VATICAN CITY — Hope is patient, concrete and extraordinary in that it can change everything, the papal preacher said.
Hope “is the opposite of impatience, of haste, of ‘everything immediately.’ It is the antidote to discouragement. It keeps yearning alive,” Cardinal Raniero Cantalamessa told Pope Francis and members of the Roman Curia during a Lenten meditation in the Paul VI Audience Hall March 15.
Reflecting on Jesus’ words from St. John’s Gospel — “I am the resurrection and the life” — Cardinal Cantalamessa said there are two kinds of resurrection: the resurrection of the body and the “resurrection of the heart that must take place every day!”
The resurrection of the heart is the rebirth of hope, he said.
“Strangely, the word ‘hope’ is absent in Jesus’ preaching,” he said, “even though all his preaching proclaims that there is a resurrection from death and eternal life.”

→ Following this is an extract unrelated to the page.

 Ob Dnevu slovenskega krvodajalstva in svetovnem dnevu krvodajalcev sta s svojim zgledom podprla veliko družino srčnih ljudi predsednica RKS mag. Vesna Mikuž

The reason there are no words about hope in the Gospel is simple, the cardinal said: “Christ first had to die and rise again. By rising again, he opened the source of hope; he inaugurated the very object of hope, which is a life with God beyond death.”

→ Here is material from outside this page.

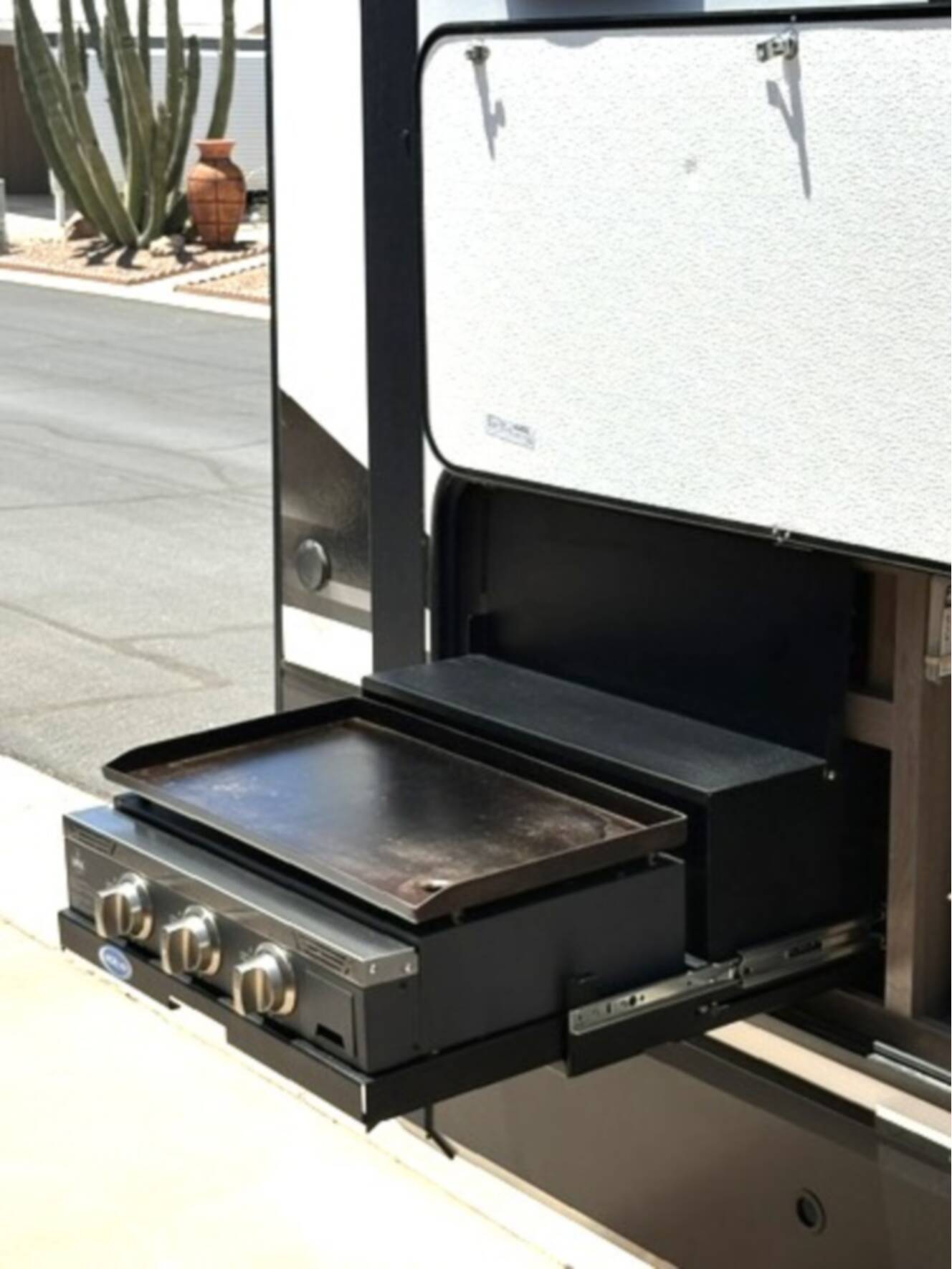 A photo of this 2023 Grand Design IMAGINE 2670MK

The rebirth of hope in one’s heart is like what happens to the man crippled from birth whom Peter heals at the gate of the temple. Peter gives him neither silver nor gold but commands, “In the name of Jesus Christ the Nazorean, (rise and) walk,” and the man leaps up, jumping and praising God.

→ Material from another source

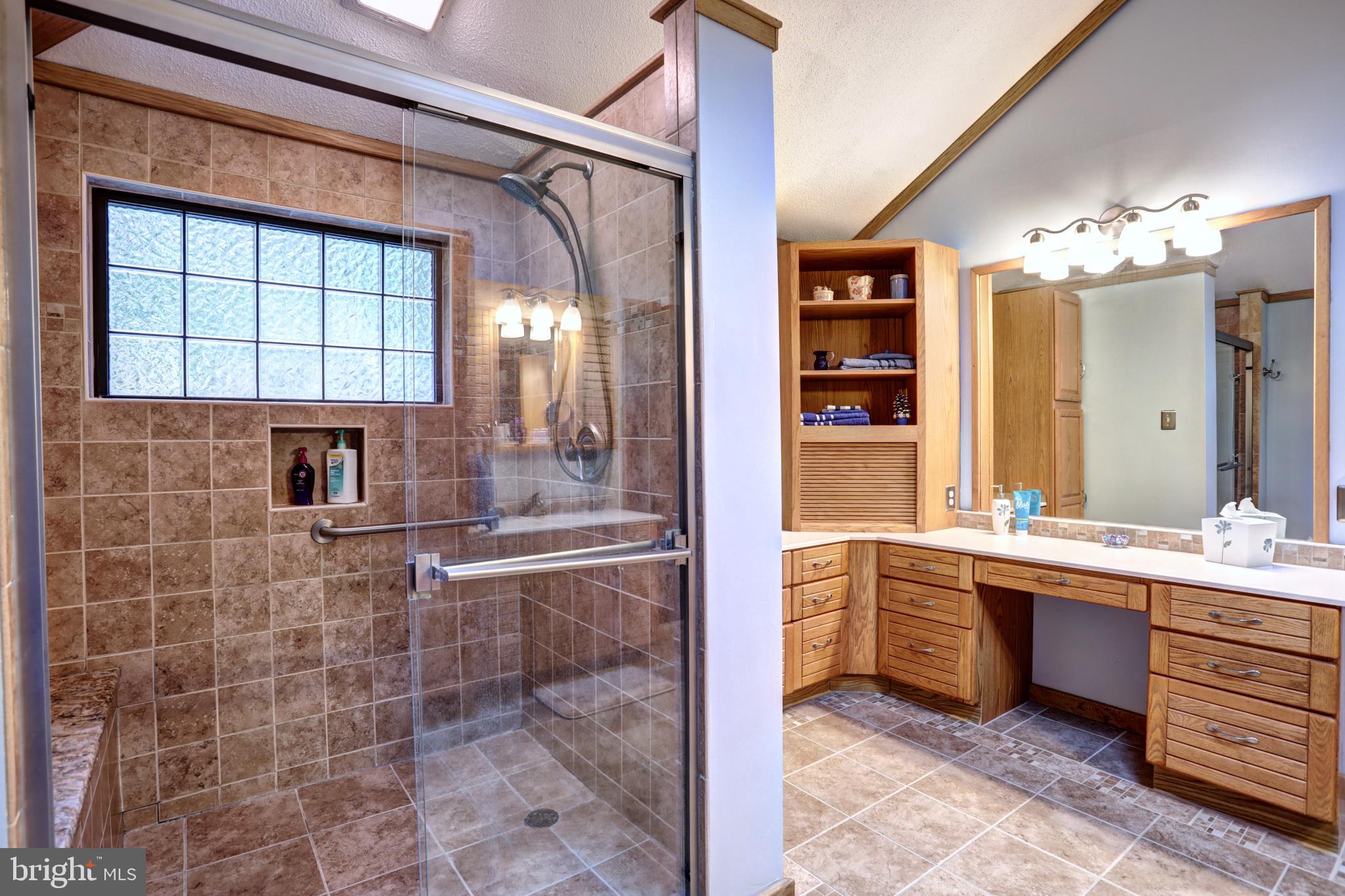 THE WOODS - Residential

“Something similar could happen to us, too,” because of divine hope, carried by the word of God, which says, “Get up and walk,” the cardinal said. The heart can go from being paralyzed by difficulties to getting up and entering “the heart of the church at last, ready to take on, once again and joyfully, the tasks and responsibilities assigned to us by providence and obedience.”
“These are the daily miracles of hope,” Cardinal Cantalamessa said. “It puts thousands of people spiritually crippled and paralyzed back on their feet, thousands of times.”
“What is extraordinary about hope is that its presence changes everything, even when outwardly nothing changes,” he said.
It does not let people lay back and dream about an imaginary world, he said. “On the contrary, it is very concrete and practical,” always finding there is something that can be done to improve every situation.
Hope, however, is also patient, he said. Quoting St. Paul’s Letter to the Romans, difficulties produce endurance and “endurance, proven character, and proven character, hope, and hope does not disappoint, because the love of God has been poured out into our hearts through the Holy Spirit that has been given to us.”